**PROBLEM REQUIREMENTS:** Reproduce every record below exactly as written, leaving out any pictures.

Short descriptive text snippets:

════════════════

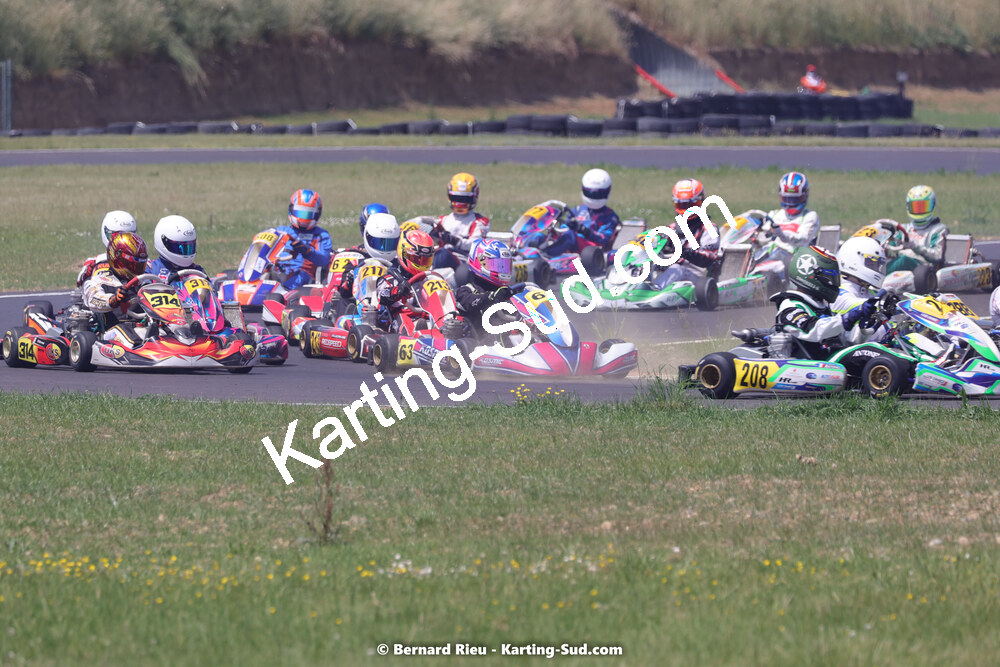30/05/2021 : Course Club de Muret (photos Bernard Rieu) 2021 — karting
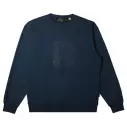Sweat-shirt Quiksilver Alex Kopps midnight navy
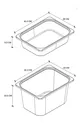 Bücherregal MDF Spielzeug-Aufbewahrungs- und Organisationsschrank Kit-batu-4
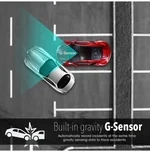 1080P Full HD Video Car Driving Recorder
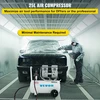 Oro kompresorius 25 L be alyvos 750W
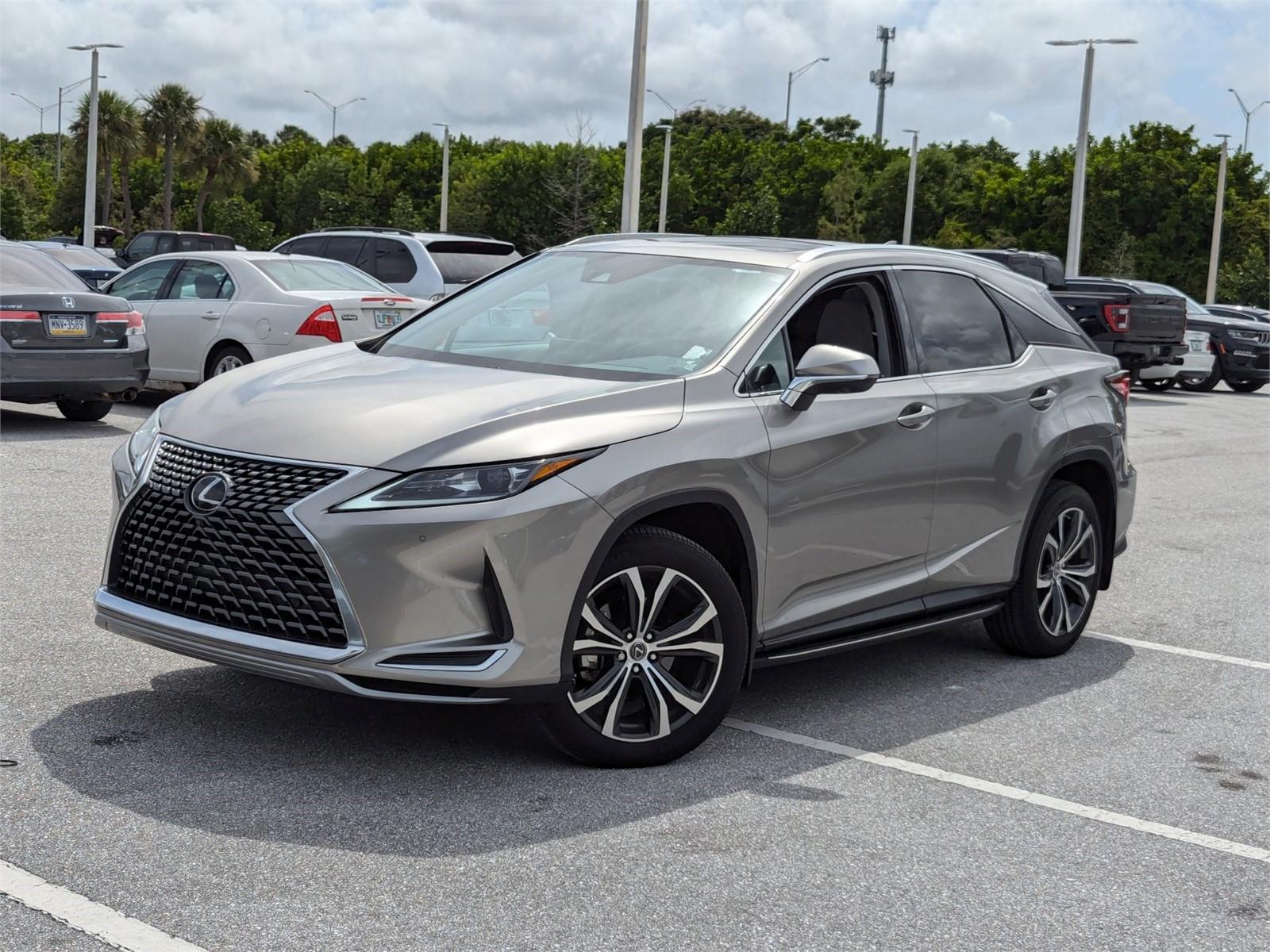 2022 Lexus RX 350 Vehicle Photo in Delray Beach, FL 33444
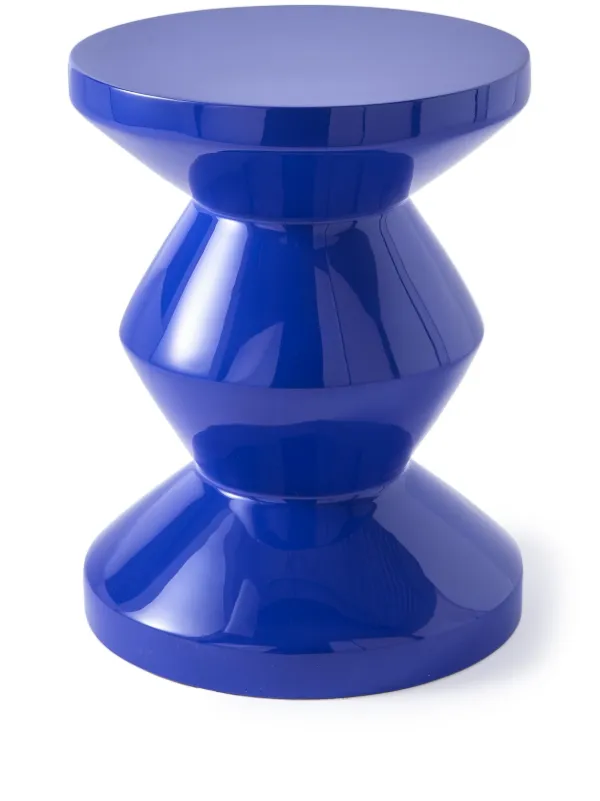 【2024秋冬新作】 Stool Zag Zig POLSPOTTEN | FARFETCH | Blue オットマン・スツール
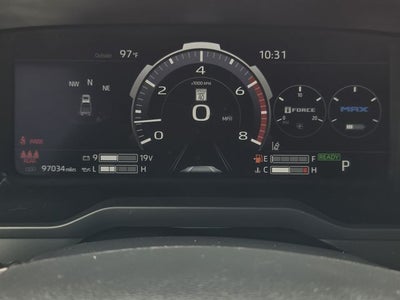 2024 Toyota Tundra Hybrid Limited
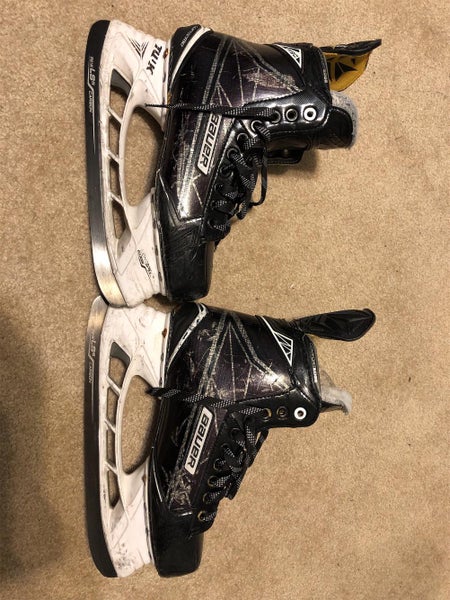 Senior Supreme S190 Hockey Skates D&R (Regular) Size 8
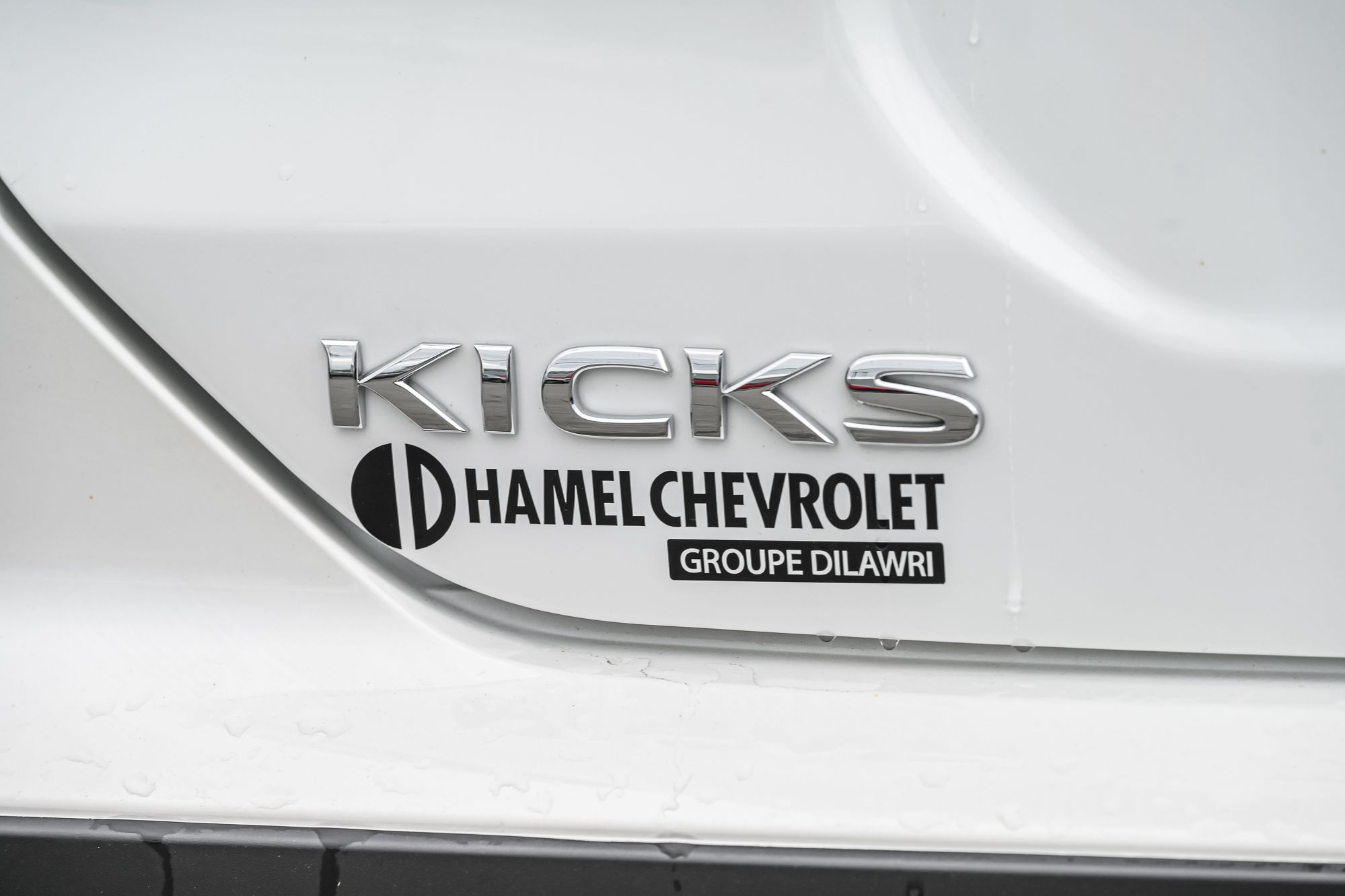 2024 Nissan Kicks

════════════════

**TASK OUTPUT:**
30/05/2021 : Course Club de Muret (photos Bernard Rieu) 2021 — karting
Sweat-shirt Quiksilver Alex Kopps midnight navy
 Bücherregal MDF Spielzeug-Aufbewahrungs- und Organisationsschrank Kit-batu-4
 1080P Full HD Video Car Driving Recorder
 Oro kompresorius 25 L be alyvos 750W
 2022 Lexus RX 350 Vehicle Photo in Delray Beach, FL 33444
 【2024秋冬新作】 Stool Zag Zig POLSPOTTEN | FARFETCH | Blue オットマン・スツール
 2024 Toyota Tundra Hybrid Limited
 Senior Supreme S190 Hockey Skates D&R (Regular) Size 8
 2024 Nissan Kicks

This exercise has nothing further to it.